***** The records

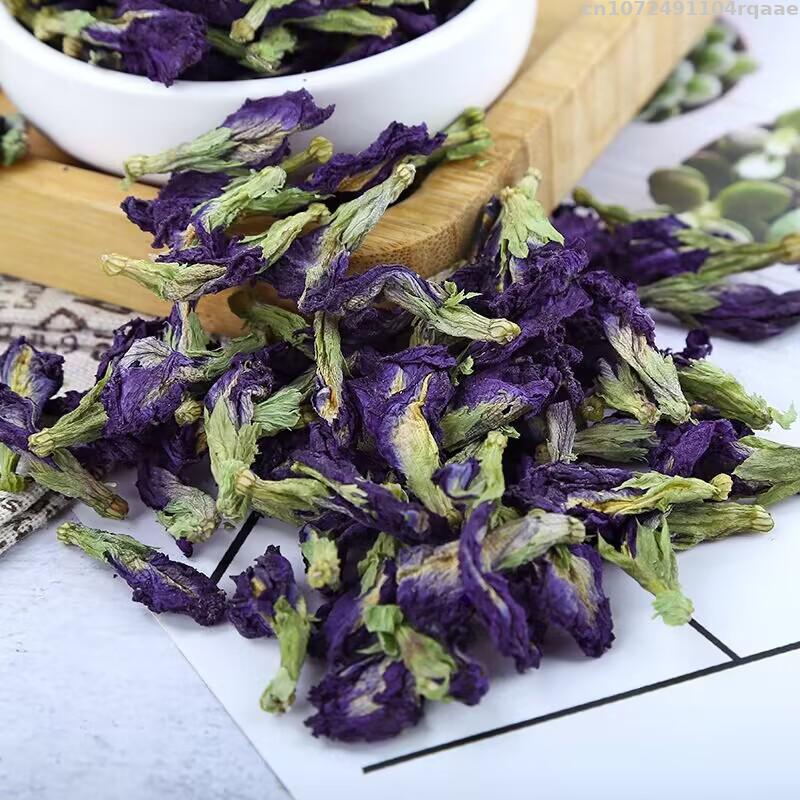 ดอกไม้แห้งกล้วยไม้ผีเสื้อธรรมช - Dried Flower Bulk บทวิจารณ์และราคา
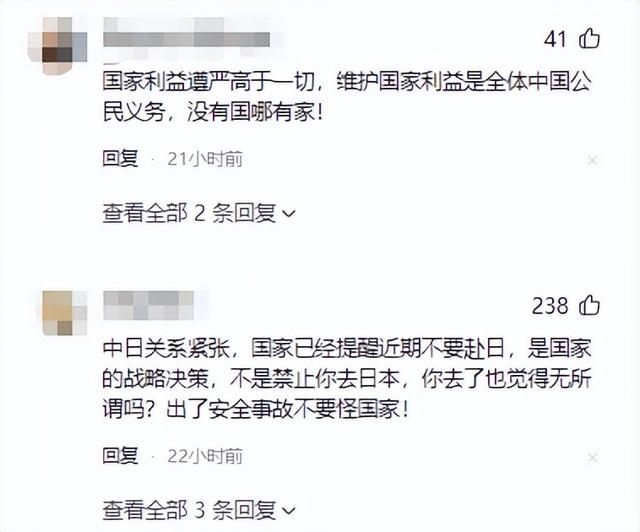 好言难劝该死的鬼？赴日旅游警示下，执意飞日本的国人到底图啥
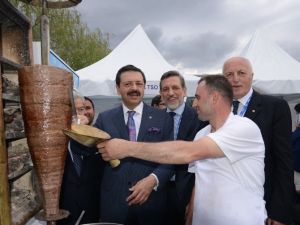 Tobb Genel Kurulu’nda Bursa Rüzgarı Esti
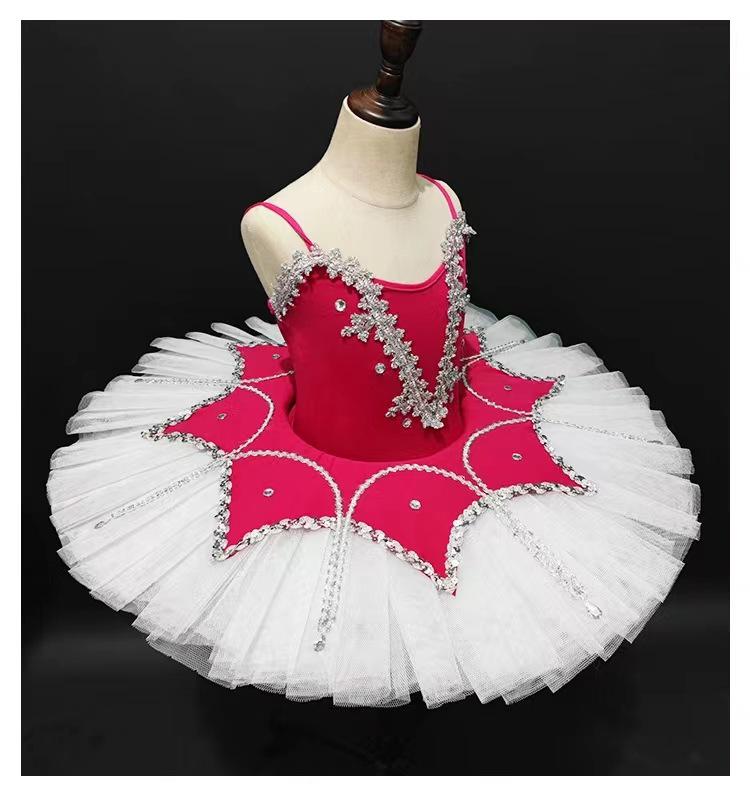 Dream Chaser Ballet & Dance Costumes - Cute Festival Performance Outfits for Kindergarten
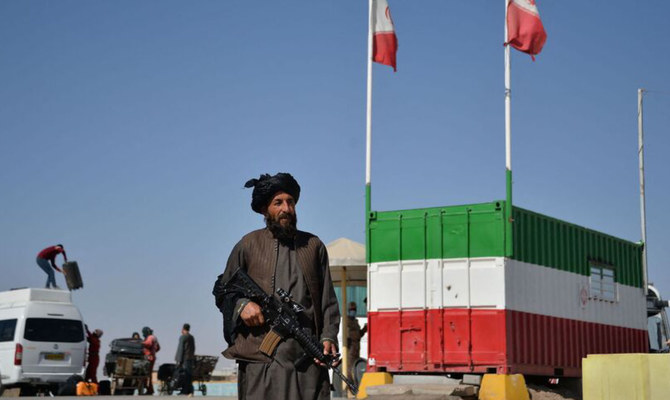 Afghanistan hands Iran a timely reality check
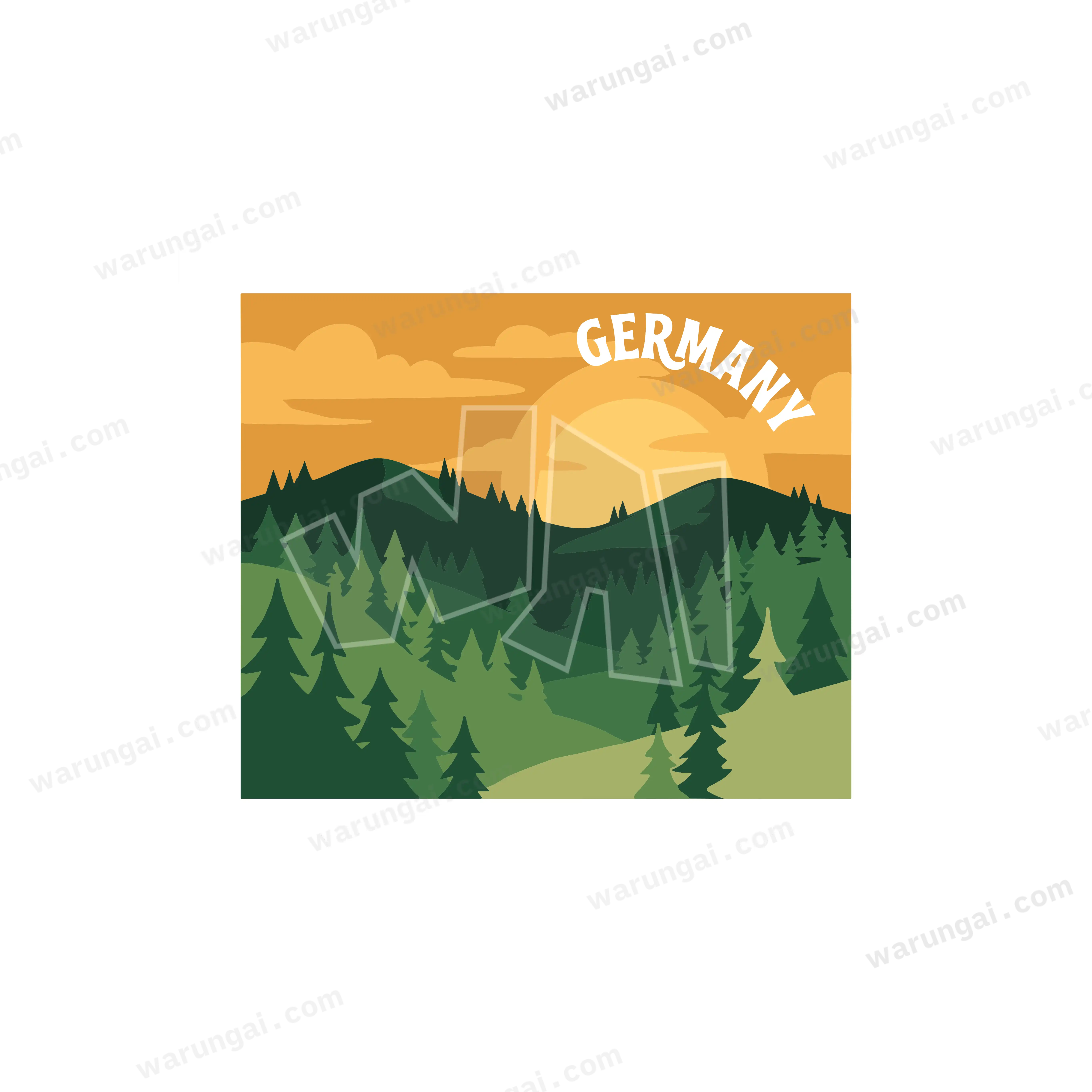 Black Forest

**********

- Work to complete
In the copy, include exactly the lines from the one with "Tobb Genel Kurulu’nda Bursa Rüzgarı Esti" through the final line of the data, both ends included, and no pictures.

- Written solution
 Tobb Genel Kurulu’nda Bursa Rüzgarı Esti
 Dream Chaser Ballet & Dance Costumes - Cute Festival Performance Outfits for Kindergarten
 Afghanistan hands Iran a timely reality check
 Black Forest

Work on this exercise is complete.